More than one-half (54%) of online adults in the US say they never use the cloud; however, 95% of those who think they're not using the cloud, actually are: 65% use online banking, 63% shop online, 58% use social networking sites, 45% play online games, and 29% store photos online—all cloud-based activities—according to a survey from Citrix.
Moreover, nearly one in three (32%) online adults say the cloud is "a thing of the future," while nearly one in four (22%) admit they've pretended to know what the cloud is or how it works.
Asked to define what "the cloud" is, a plurality (29%) of Americans cited some type of weather-related term (e.g., the sky, or an actual cloud). Only 16% said (correctly) the cloud is a computer network to store, access, and share data from Internet-connected devices.
Moreover, it's not just the name that's puzzling.

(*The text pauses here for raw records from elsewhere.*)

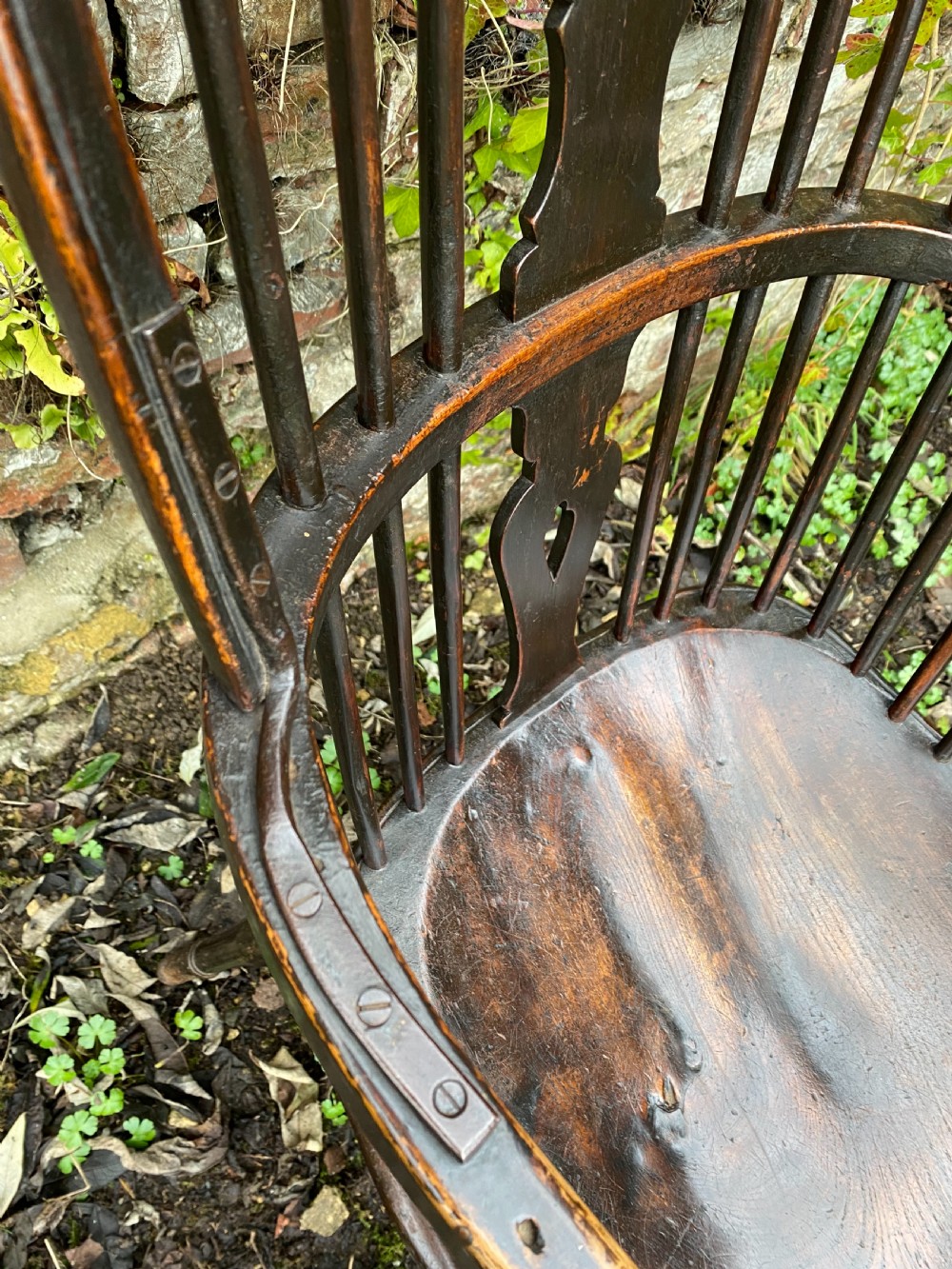 Antique Windsor Chair View VI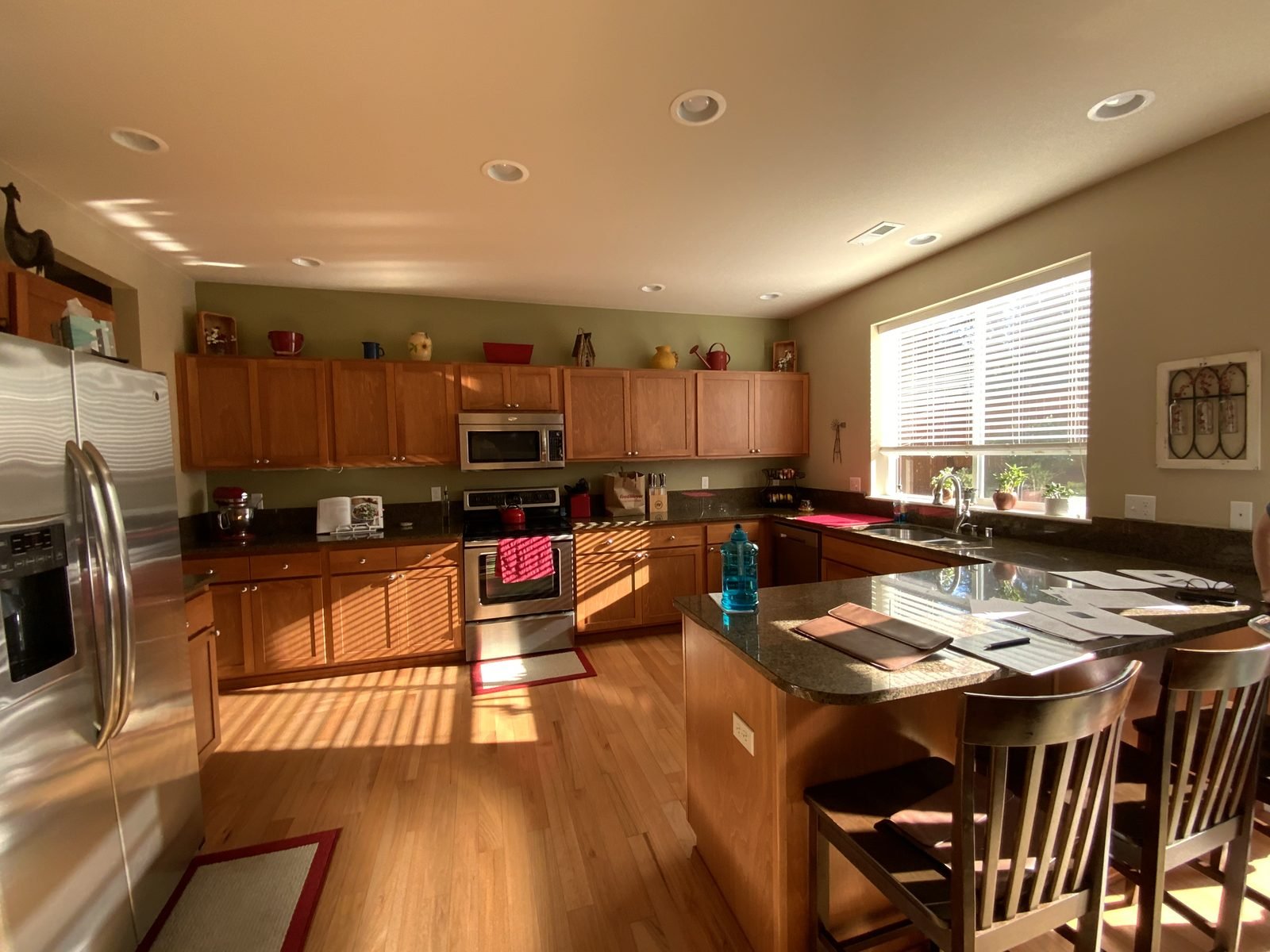 Before &mdash; Kitchen, Bath and Living Remodel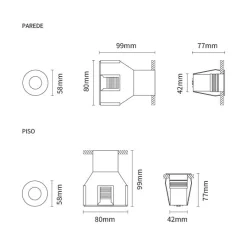 Trond micro IP67 | ⌀38 round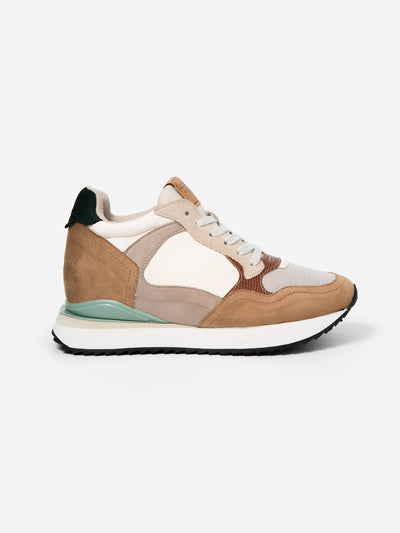 Sneaker Elba Beige/Camel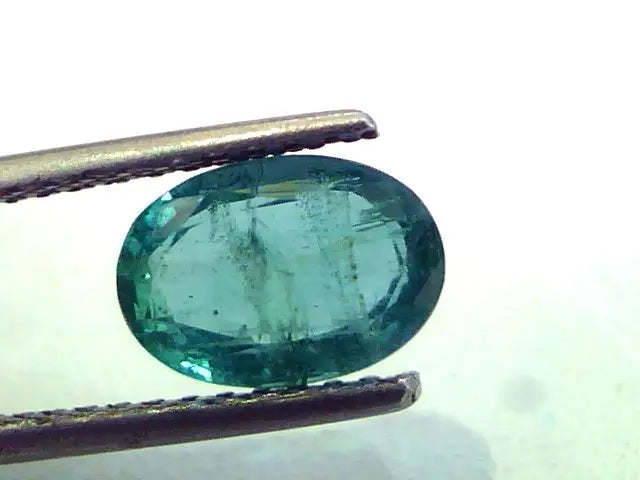 2.03 Ct Unheated Untreated Natural Zambian Emerald Panna Gemstones
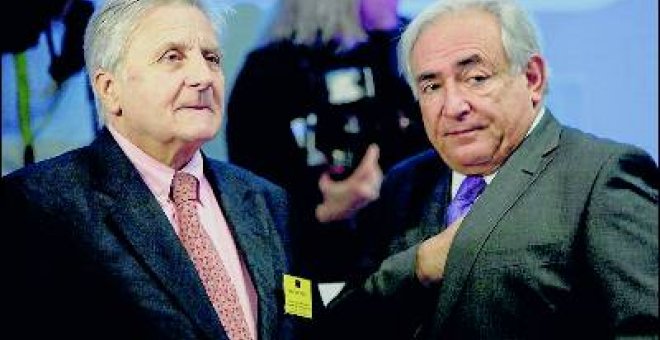 Trichet cobra casi cinco veces más que Zapatero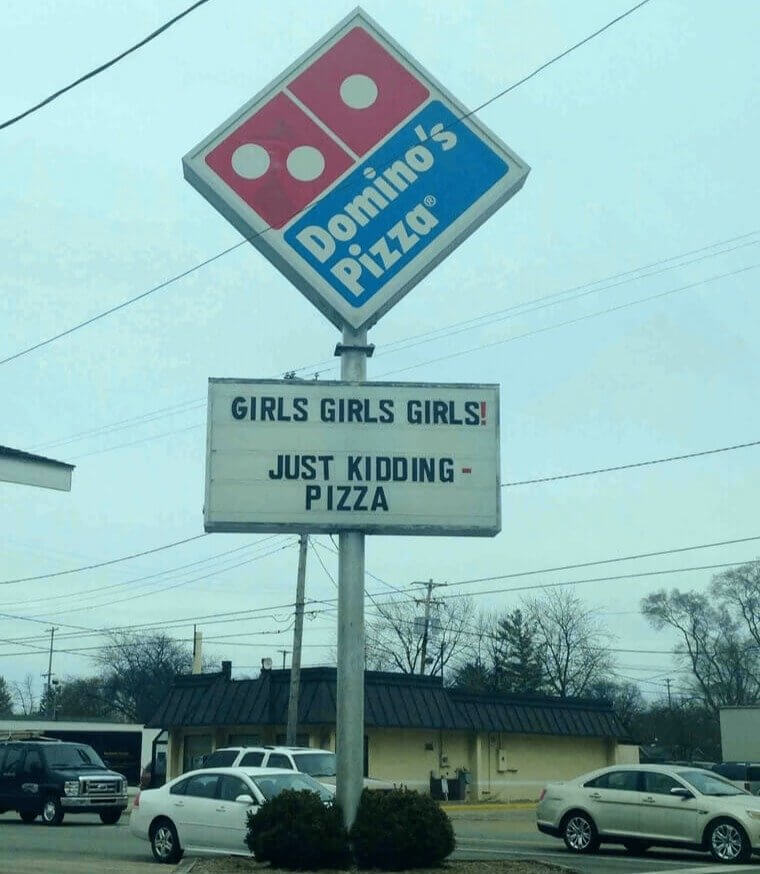 If You Like Your Pizza Extra Cheeky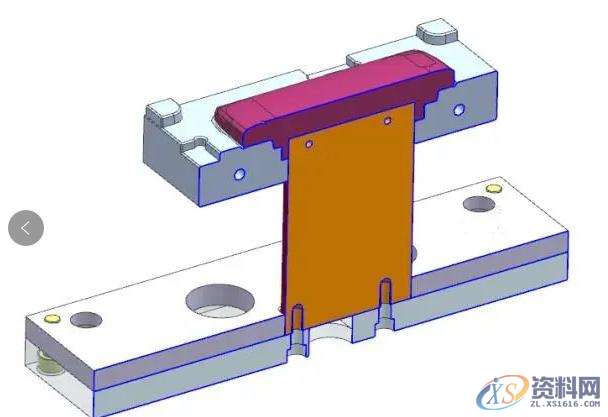 塑胶模具设计-手机保护套精典设计结构解析,模具设计,塑胶,第8张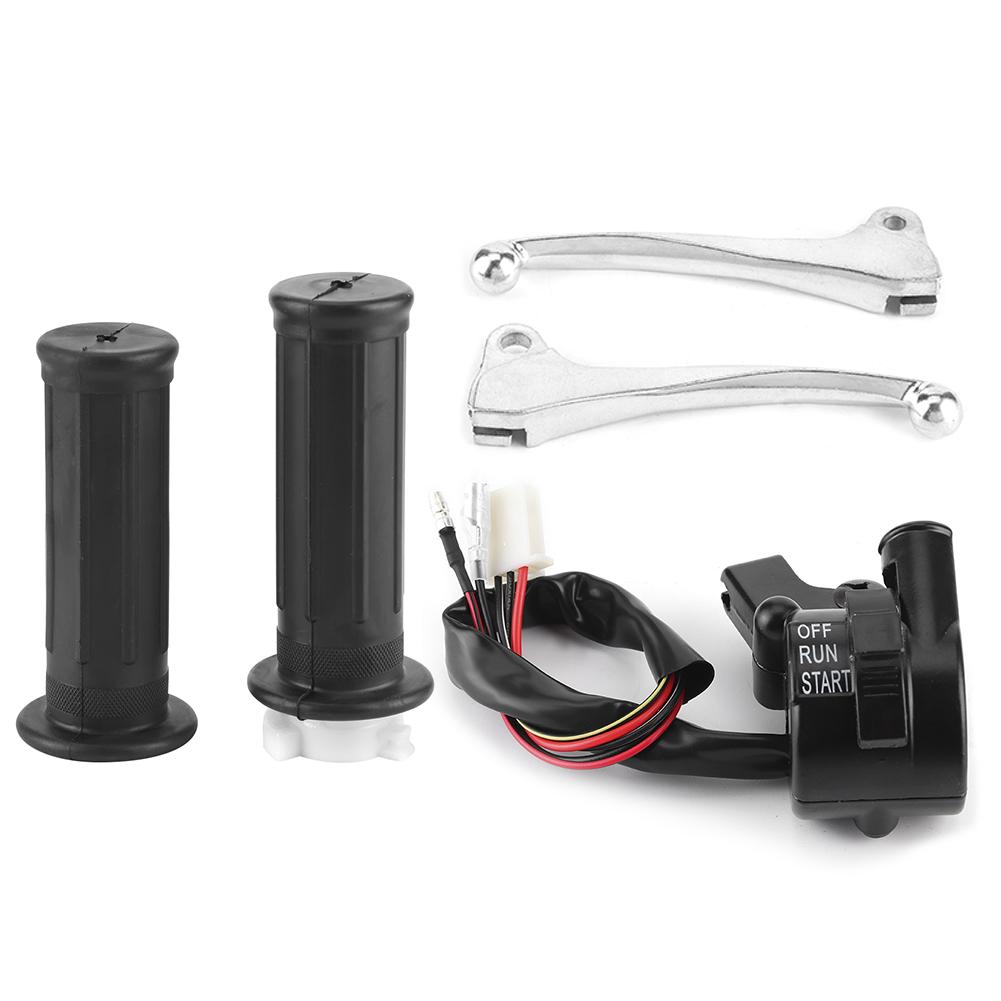 Комплект переключателей дроссельной заслонки мотоцикла, тормозных рычагов, подходит для YAMAHA PW50 PY50 PEEWEE 50 DIRT BIKE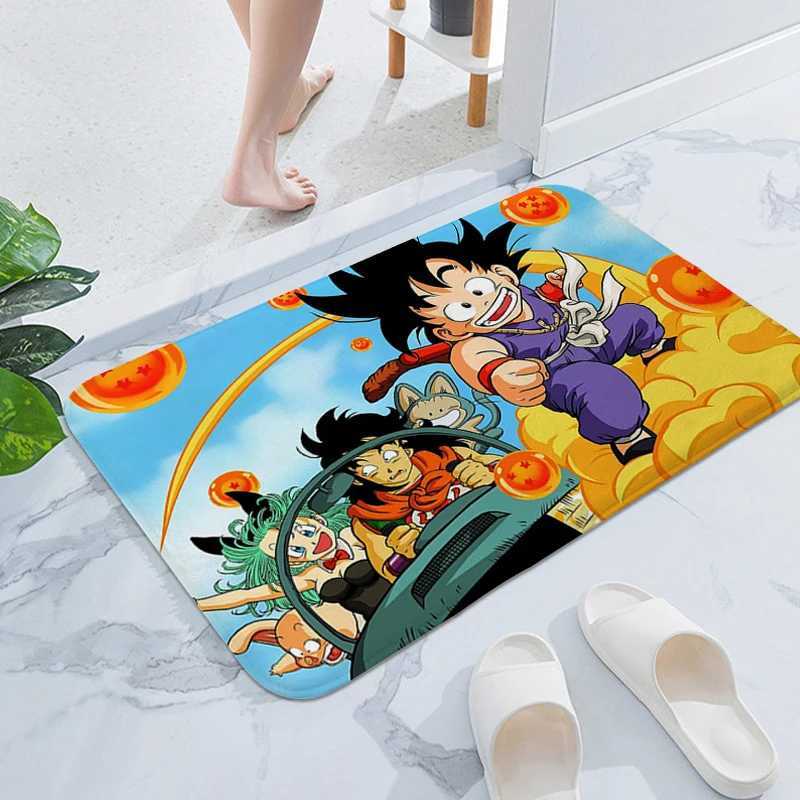 Carpet Bathroom Rug D-Dragon B-Balls Doormat Entrance Door Useful Things for Home Entrance Mats Kitchen Treadmill Rugs Room Carpet T240422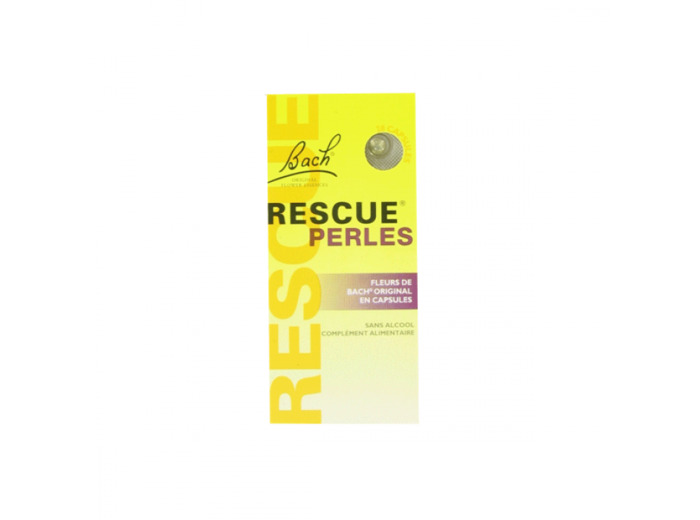 Perles Fleurs De Bach 28 Capsules Sans Alcool Bach Rescue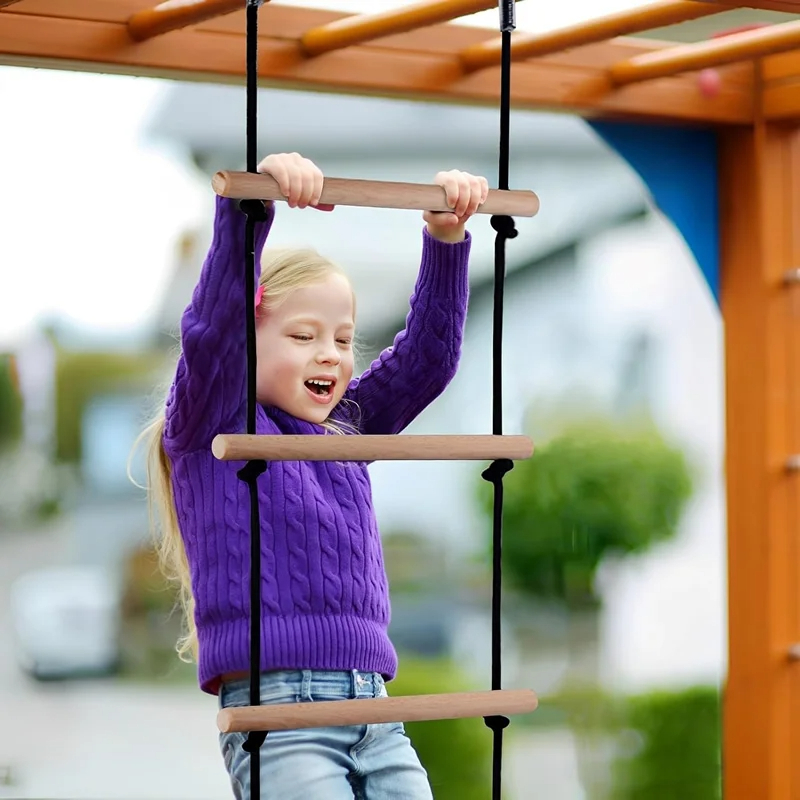 Kinder Klettern Seil Leiter Ho – Kids Outdoor Climber Bewertung und Preis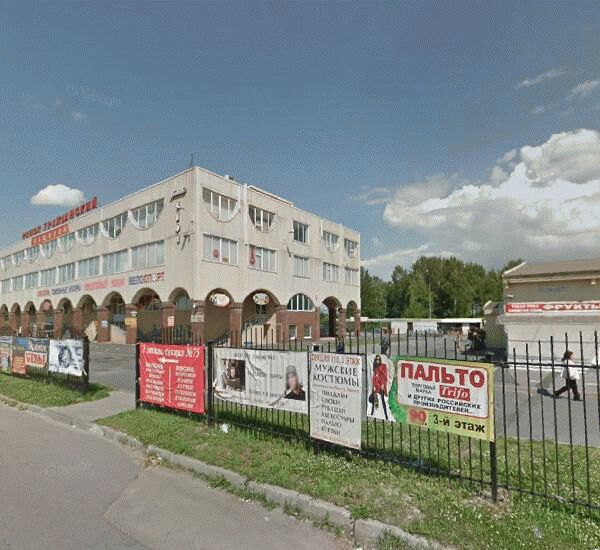 Банкомат Росбанка по адресу пр. Руставели, д. 43, лит. А, ГМ «Карусель»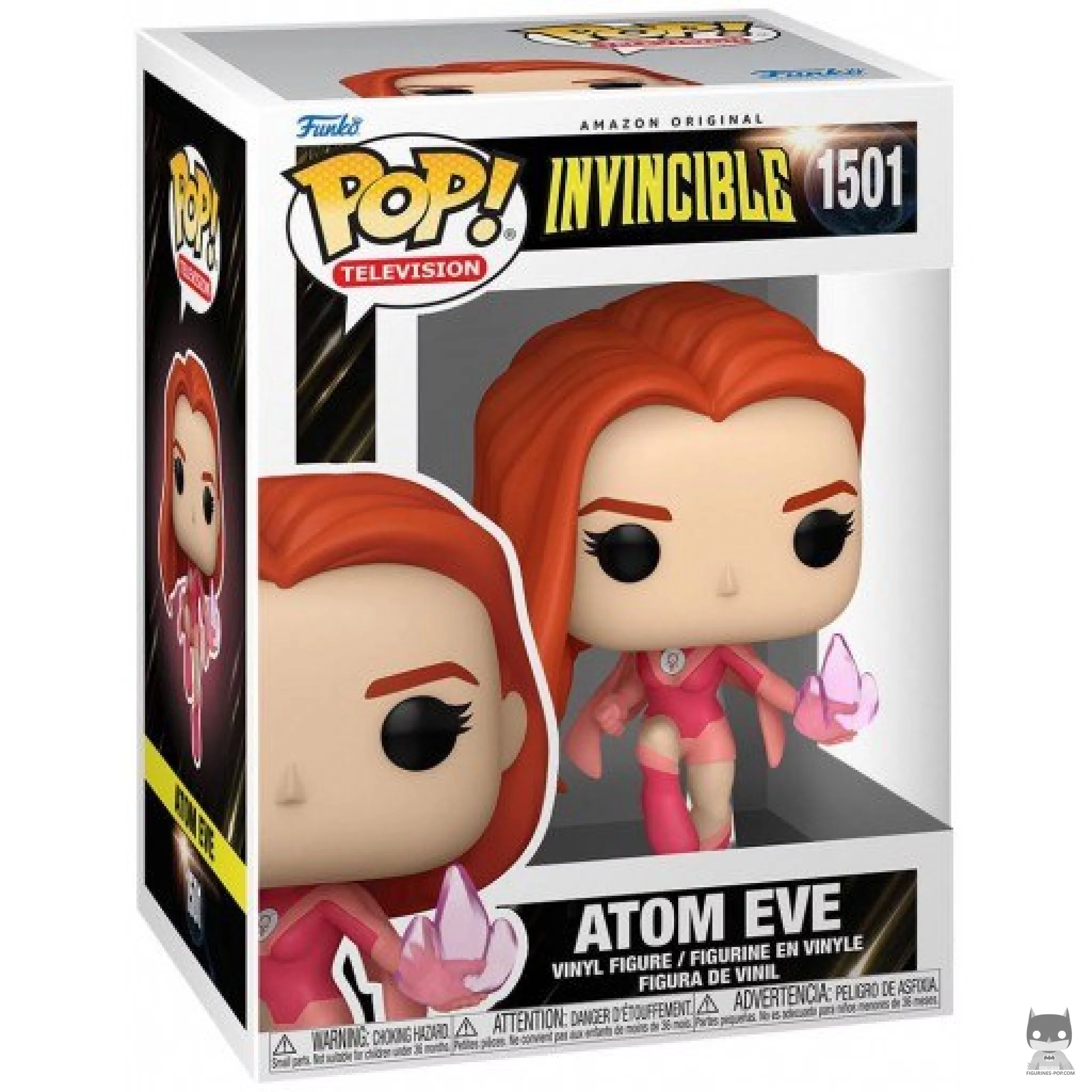 Figurine Funko POP Atom Eve avec boîte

Most Americans are also unsure about how the cloud works: 51% said they believe stormy weather interferes with cloud computing:
Even so, most (68%) respondents, after being exposed to the meaning of the cloud, recognized its benefits and cited the following as the cloud's top economic advantages:
- Lower costs: 35%
- Improving consumer engagement for businesses: 35%
- A catalyst for small business growth: 32%
Also, 40% of the Americans surveyed cited the ability to access work information from home in their "birthday suit" as a top advantage of the cloud, while 35% cited the ability to share information with people they'd rather not interact with in person.